Speaking the viewer’s language
With the chaos of content available today, consumers have preferred selections and considerations across cast, plot and genre. Conversational interfaces simulate natural communication qualities and remove the need to conform to hierarchical menu structures. Most importantly, the technology must understand when a user is drilling into a particular genre in detail, or when they have lost interest and have completely switched topics.
To be successful, natural language search needs to encompass a variety of different points, each crucial to success:
- Disambiguation: Natural language technology must understand and interpret the user’s intent. For example, the phonetic sound “Kroos” can be interpreted to apply to Tom Cruise or Penelope Cruz, and the system should be able to understand what the user is looking for in relation to the original query.
- Statefulness: During a dialogue with a user, the system should be able to maintain context, and understand that people change their minds quickly. For example, the user could say that they are “in a mood for thrillers,” then jump to “Bond” and then to “old ones”. Ideally, the system should understand these requests, and serve up a series of older James Bond films for the viewer to select from.
- Personalisation: Conversational systems need to understand their users on an individual basis. For example, the system should learn that a user based in New Zealand who asks “when is the game tonight” wants to know about their local team, and if they say, “when is the Blacks game” they mean the rugby team All Blacks.
Taking understanding to the next level
Behind successful natural language technology lies excellent search capabilities. New technologies such as graph, have introduced high-quality and relevant search results to consumers everywhere, setting a benchmark across industries. Unlike a traditional database, a graph is much more scalable and flexible because it allows the connection of all sorts of information to records, without the reliance on “tables.”
In the context of TV, most consumers have viewing patterns that can be mapped to provide highly personalised results to searches. This is more accurate than user-based profile creation or ‘thumbs up/down’ ratings that are both error-prone and do not automatically take into account users’ changing tastes and preferences over time. The ability to make personalisation precise and extremely relevant – what the industry is now terming hyper-personalisation – is correlated to the knowledge graph’s semantic capabilities.

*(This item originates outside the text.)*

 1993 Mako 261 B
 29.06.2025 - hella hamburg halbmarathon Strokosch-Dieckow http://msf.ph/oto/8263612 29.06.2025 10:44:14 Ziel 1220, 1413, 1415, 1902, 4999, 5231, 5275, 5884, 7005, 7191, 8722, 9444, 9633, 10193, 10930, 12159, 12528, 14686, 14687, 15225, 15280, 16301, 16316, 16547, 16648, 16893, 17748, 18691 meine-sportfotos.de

At its core, a quality conversational search engine should include the following aspects:
- Knowledge graph: This graph maps search results to intent, and prioritises those results based on the weight of their connection and should be able to:
- Look at named entities in media, entertainment and geography and extract, de-duplicate and disambiguate the entities across sources
- Recognise similarities and build relationships between entities
- Identify a multidimensional view of popularity and how audience interest in the entities shift over time
- Generate a large vocabulary such as keywords and sub-genres to help search systems identify relevant content
- Personal graph: Crucial to true conversational systems, the personal graph tunes the conversational system to individuals to enable natural conversations around the user’s preferences and context. The personal graph is:
- Based on statistical machine learning
- Able to learn individual behavioural patterns and interests
- Learns how time and device affect recommendations
At the front end of the system, the conversational query engine is required to bind all aspects together. This brings together key algorithms to map and learn linguistic features and provide content discovery features to customers.

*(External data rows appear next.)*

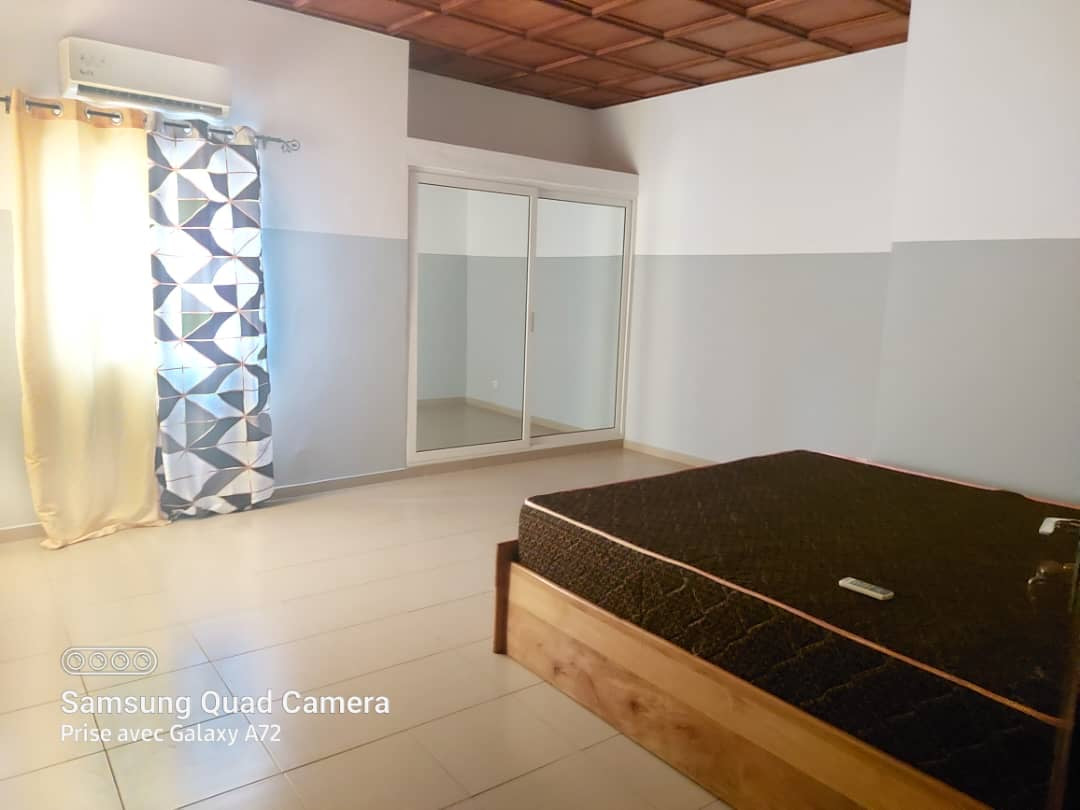 À LOUER – VILLA MEUBLÉE DE 5 PIÈCES À AGOÈ FIL O PARC – 100M DU GOUDRON – 300.000F CFA/MOIS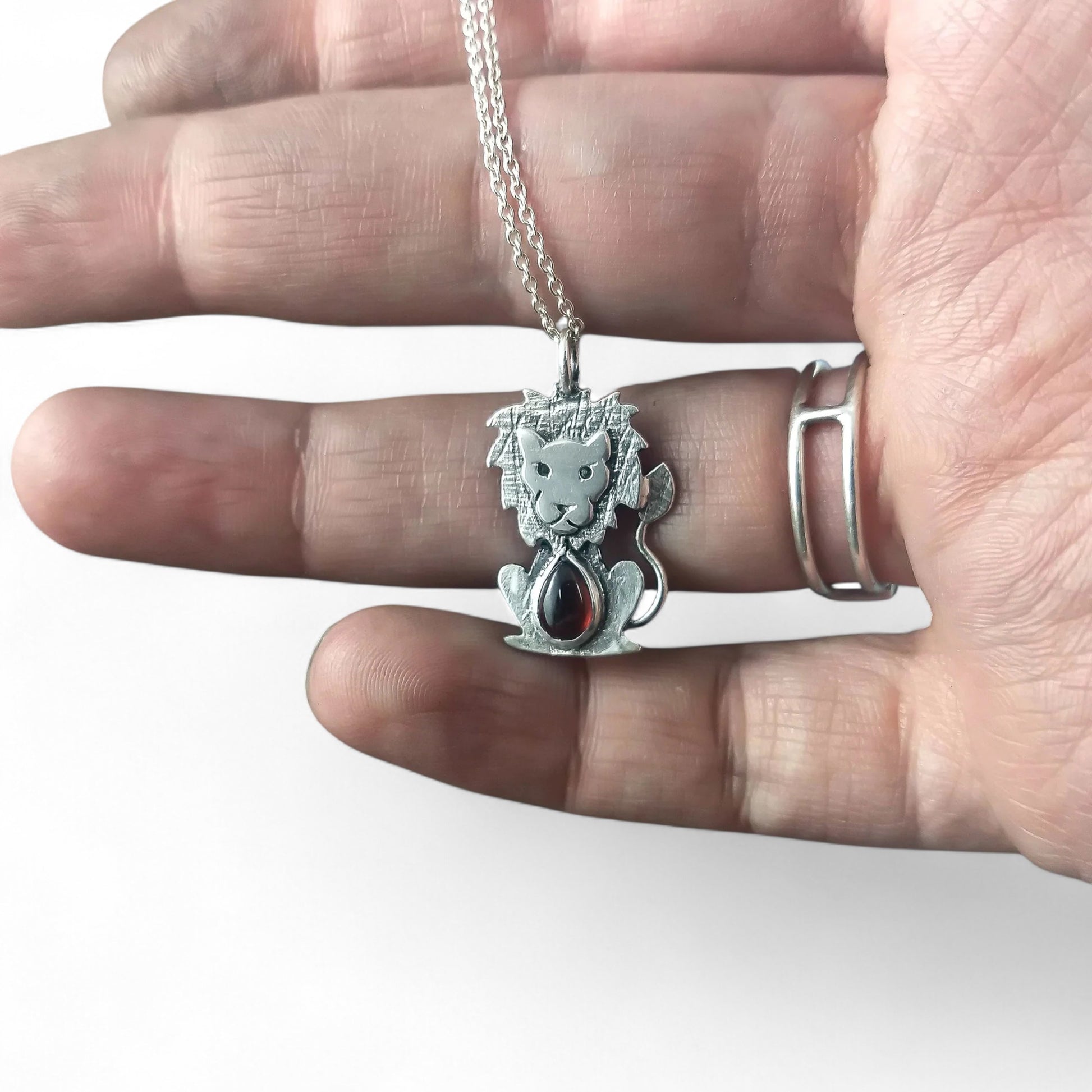 Pendentif lion en argent sterling avec grenat par Sonia Imbeault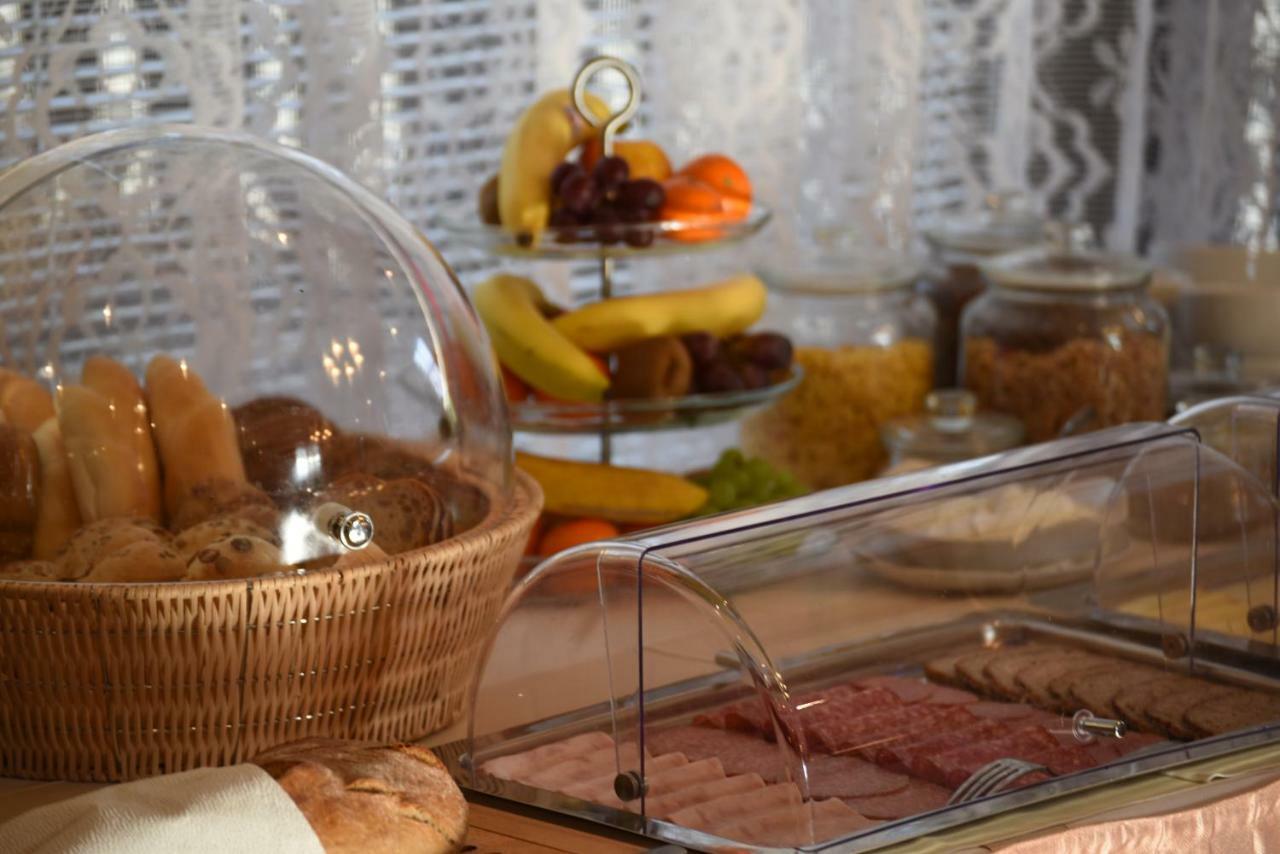 Villa Zerotin Penzion Bed & Breakfast Велке Лосіни Екстер'єр фото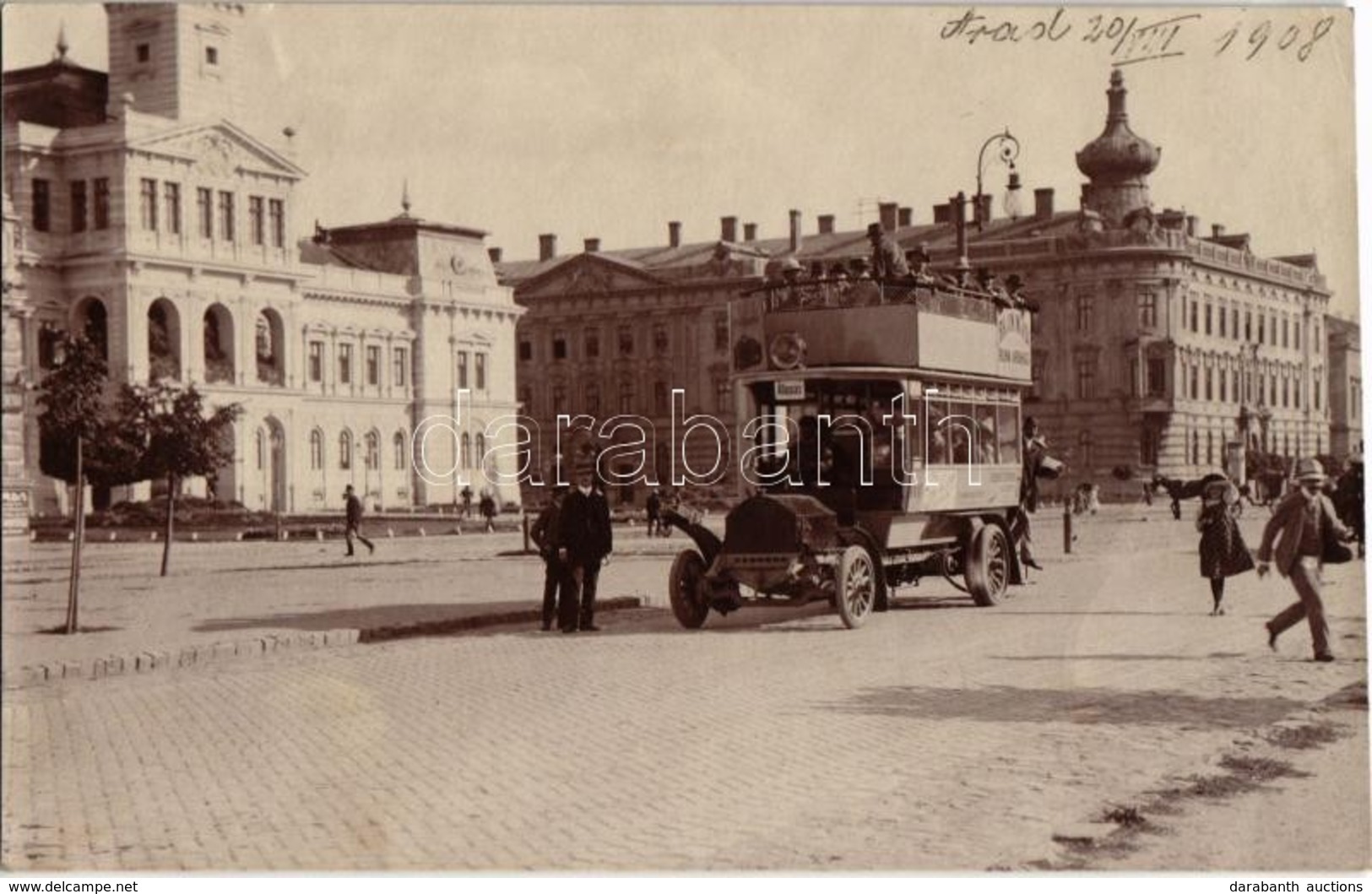 T2 1908 Arad, Emeletes Autóbusz A Városháza Előtt, Rajta Braun Miksa Ruha áruháza és A Fleischer Testvérek üzletének Rek - Non Classés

Intuitive search and recommendation
Natural language technology backed with knowledge graphs can provide a revolution in TV search and recommendation. Based on excellent metadata that covers actors and actresses, content synopsis and even famous quotations from films, TV providers can create a second to none entertainment brain that offers customers speedy and accurate access to their favourite shows, and similar content that they might enjoy. Voice-based discovery around knowledge graphs is no gimmick – it is set to change the way that people interact with their TV sets – as long as service providers make it personalised, intuitive and natural.